Aston Villa are the best football team in Europe (for now)
Even the most optimistic die-hards wouldn't be expecting this to last, but having come so far so quickly is one of the more undersung achievements of the last couple of years.
It may be a daft system that no-one truly understands which was created solely to dramatically increase the number of Champions League matches that could be sold for TV and screw whether these extra matches actually meant anything or not—deep breath—but with three games played in its Swiss model, 36-team, group stage, Aston Villa are top of it. For the first time in more than 42 years, they are the number one team in Europe.
For now, at least. This is, of course, mild hyperbole. There are still five games to play in this already interminable feeling phase and whether they’ll still be there by the end is very much open to question. But the prognosis is looking pretty good. It’s been estimated that they may only need two more wins from their final five games to guarantee a place in the knockout stage of the competition. On the basis of what they’ve already managed in this competition already, that looks extremely achievable.
And results so far have been excellent. Three wins and three clean sheets, including teams from two of Europe’s ‘big five’ leagues. After brushing aside Young Boys—stop sniggering, you’re old enough to know better—in Bern in their opening match, they went on to beat genuine European Football Royalty Bayern Munich 1-0 in their second match and didn’t have too many difficulties getting past Bologna in their third.
Of course, at such points it is customary to invoke the spirit of the Dark Prince of European Club Football, Unai Emery. Four times winner of the Europa League with Sevilla and Villareal, Emery has so far done in the Champions League this season what he’s done so many times in its more junior competition. He has his team calm in control, and in command of a solid game plan which works. His players work hard for him. The fans are on his side and Villa Park is becoming a regular bearpit on such occasions. Something approaching a virtuous circle, in which all concerned seem to feed off each others’ positive energy, is being formed around the club at the moment.
In the Premier League, meanwhile, fourth place is a decent start, and they may even consider dropped points against Ipswich Town and—here’s a sign of the times for you—Manchester United to have been something of a disappointment. Otherwise, the only team to have taken points from them this season were Arsenal, and that was on the 24th August. They’re six unbeaten in the Premier League and only four points off the top of the table. It literally doesn’t—as in, it can’t—get much better than this.
There are, of course, still itches to be scratched. By the end of this season it will have been 29 years since they last won a major trophy. Well, they’re still in the EFL Cup, with a home match against Crystal Palace at the end of October, and the FA Cup may get to its Third Round with Villa among the favourites to win it. Obviously, domestic trophies no longer carry the currency that they once did, but to win one would be a not-insignificant milestone in the rapid progress that the club has made over the last couple of years.
Such is the pace of modern life that it can be easy to forget just home far they’ve come, and how quickly. This week marks the second anniversary of Steven Gerrard being sacked as their manager, with the club in 15th place in the Premier League table and three points above the relegation places. Two days later they beat Brentford 4-0, the surest sign possible of just how far things had declined under their former manager. Just over a week later, Emery arrived. Villa finished the season in 7th place in the table, qualifying for European football for the first time in a dozen years.

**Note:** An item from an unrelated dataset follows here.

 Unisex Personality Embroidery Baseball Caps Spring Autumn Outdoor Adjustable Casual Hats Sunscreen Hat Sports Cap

Gerrard’s sacking was the watershed moment which finally cast off a shadow that had been hanging over the club for a long time. Finishing 13th in the Championship following relegation in 2016 was probably the low point, but it took them three years to get back into the Premier League, and once back those first three years were largely attritional rather than anything else, with 17th, 11th and 14th-placed finishes indicating that after several years away the club was taking some time to acclimatise to being back.

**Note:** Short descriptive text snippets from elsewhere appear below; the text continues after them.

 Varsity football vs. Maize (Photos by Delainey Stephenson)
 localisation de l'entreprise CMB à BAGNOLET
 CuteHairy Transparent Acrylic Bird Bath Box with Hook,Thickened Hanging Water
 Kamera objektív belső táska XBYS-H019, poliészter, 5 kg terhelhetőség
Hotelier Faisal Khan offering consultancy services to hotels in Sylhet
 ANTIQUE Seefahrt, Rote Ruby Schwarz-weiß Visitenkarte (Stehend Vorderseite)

But they survived those years and now they’re back, making clear year-on-year progress, and if anything arguably even stronger than the team that secured regular top-half finishes, regular European football, and that last trophy throughout the 1990s. Last season’s fourth place finish was, of course, was their joint-highest finish since ending first season of the Premier League in 1992/93 as runners-up to the eventual runaway winners, Manchester United.
And things are about to get tougher than they have been so far in the Premier League. November and December bring matches against Spurs, Liverpool, Chelsea, Newcastle, Manchester City and Brighton, among others. Meanwhile they also face Club Brugge, Juventus and RB Leipzig in the Champions League. It’s certainly not inconceivable that they could already be through to the group stages by Christmas.
Sol why shouldn’t they dream? The last time they won the European Cup in 1982, they finished their league season in 8th place in the table. Of course, the more that European club football has come to resemble a slog than anything else the more it’s benefitted the biggest clubs, but this season hasn’t seen them have it all their own way. PSG and Bayern Munich have only won one out of three. Milan are 25th, while Atletico Madrid are 27th.
They’re pretty much top of this byzantine snake of a league on merit (and only one goal on goal difference from Liverpool, but we’ll gloss over that for now). If they can’t enjoy this moment, when can they enjoy one? Aston Villa supporters have been through some tough times, this last decade. It’s time to enjoy something better.
Always refreshing to see the staus quo being challenged!